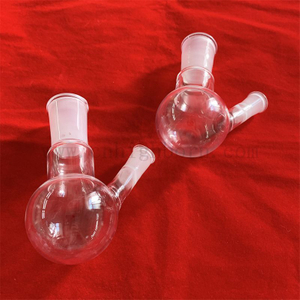 Flacon en verre de laboratoire à fond rond transparent à deux cols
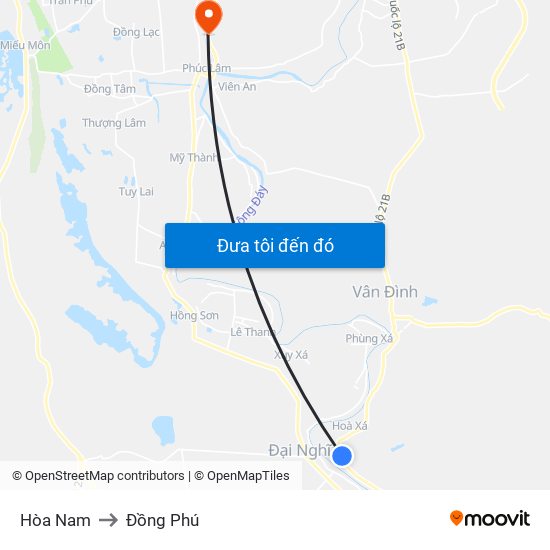 Hòa Nam to Đồng Phú map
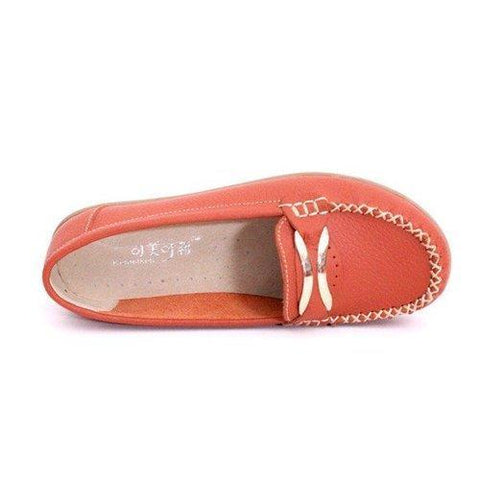 Metal Flat Round Toe Slip On Loafers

★ ★ ★ ★

TASK REQUIREMENTS: Word for word, return the listing above; the pictures do not belong in the copy.

SOLUTION:
 Flacon en verre de laboratoire à fond rond transparent à deux cols
 Hòa Nam to Đồng Phú map
 Metal Flat Round Toe Slip On Loafers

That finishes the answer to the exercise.